> **WHAT YOU NEED TO DO**:
Report each line of the records where "online" occurs.

Data items
.....
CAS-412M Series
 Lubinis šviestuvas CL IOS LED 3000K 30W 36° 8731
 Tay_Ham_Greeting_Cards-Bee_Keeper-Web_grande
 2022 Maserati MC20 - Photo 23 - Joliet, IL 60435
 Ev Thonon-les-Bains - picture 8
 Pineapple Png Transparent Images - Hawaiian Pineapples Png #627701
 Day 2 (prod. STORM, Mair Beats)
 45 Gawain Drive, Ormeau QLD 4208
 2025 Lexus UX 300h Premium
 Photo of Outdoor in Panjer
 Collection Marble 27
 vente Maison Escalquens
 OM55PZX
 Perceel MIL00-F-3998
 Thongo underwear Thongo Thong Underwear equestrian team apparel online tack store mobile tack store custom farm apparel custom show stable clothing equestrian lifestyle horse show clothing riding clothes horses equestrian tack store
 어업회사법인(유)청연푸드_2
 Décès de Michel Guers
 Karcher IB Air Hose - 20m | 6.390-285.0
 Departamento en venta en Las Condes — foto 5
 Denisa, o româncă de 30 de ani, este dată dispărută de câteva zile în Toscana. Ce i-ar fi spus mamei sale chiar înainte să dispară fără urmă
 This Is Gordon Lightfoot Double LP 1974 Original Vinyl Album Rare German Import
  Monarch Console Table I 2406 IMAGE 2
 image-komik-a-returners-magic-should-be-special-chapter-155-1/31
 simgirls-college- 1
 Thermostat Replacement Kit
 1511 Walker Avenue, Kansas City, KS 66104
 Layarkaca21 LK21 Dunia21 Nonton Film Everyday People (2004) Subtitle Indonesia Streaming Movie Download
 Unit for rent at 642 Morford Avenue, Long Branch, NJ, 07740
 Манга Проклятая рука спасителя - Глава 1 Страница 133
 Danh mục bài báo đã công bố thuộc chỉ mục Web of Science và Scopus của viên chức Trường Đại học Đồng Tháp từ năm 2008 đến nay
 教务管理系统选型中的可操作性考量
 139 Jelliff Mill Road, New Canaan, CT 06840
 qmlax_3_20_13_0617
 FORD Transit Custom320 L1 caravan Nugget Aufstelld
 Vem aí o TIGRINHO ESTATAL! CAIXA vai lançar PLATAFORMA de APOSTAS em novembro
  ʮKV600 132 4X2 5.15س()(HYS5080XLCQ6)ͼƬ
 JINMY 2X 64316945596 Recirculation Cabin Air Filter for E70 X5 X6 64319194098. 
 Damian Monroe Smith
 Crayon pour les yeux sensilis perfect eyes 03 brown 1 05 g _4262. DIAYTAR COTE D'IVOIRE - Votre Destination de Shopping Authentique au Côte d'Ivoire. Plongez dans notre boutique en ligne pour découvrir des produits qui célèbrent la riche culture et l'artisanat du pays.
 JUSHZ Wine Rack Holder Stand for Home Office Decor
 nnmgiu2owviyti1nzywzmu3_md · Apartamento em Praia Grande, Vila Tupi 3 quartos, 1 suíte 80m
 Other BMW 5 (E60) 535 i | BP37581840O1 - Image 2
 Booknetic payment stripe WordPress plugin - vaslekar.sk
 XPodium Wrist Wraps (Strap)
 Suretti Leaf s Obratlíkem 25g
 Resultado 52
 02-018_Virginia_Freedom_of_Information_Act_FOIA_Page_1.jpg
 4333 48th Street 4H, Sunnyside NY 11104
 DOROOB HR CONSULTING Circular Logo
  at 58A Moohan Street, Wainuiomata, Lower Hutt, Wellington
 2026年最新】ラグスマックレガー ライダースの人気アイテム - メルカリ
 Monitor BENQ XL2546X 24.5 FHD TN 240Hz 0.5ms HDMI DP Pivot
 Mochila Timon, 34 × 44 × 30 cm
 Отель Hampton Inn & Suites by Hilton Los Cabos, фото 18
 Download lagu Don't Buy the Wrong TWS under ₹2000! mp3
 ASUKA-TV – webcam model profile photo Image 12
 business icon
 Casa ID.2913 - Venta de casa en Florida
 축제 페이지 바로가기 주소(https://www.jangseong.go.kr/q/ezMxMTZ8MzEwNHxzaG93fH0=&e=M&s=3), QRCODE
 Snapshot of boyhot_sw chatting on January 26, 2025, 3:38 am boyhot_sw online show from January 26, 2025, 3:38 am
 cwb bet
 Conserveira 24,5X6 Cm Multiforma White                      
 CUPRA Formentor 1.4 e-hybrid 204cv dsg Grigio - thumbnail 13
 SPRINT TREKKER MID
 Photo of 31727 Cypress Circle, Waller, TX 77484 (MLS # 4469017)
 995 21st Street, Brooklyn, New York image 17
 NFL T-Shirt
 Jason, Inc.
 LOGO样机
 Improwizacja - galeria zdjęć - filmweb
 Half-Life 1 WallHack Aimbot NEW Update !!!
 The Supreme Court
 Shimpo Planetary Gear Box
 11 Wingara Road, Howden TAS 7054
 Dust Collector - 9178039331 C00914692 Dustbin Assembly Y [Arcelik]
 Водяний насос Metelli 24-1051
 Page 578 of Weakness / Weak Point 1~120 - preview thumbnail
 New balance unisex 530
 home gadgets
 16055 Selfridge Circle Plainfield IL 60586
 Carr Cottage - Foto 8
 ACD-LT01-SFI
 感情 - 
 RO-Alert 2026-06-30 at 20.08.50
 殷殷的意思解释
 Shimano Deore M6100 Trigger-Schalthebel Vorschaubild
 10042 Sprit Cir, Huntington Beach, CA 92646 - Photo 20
.....
> **RESULT OF THE EXERCISE**:
 Thongo underwear Thongo Thong Underwear equestrian team apparel online tack store mobile tack store custom farm apparel custom show stable clothing equestrian lifestyle horse show clothing riding clothes horses equestrian tack store
 Snapshot of boyhot_sw chatting on January 26, 2025, 3:38 am boyhot_sw online show from January 26, 2025, 3:38 am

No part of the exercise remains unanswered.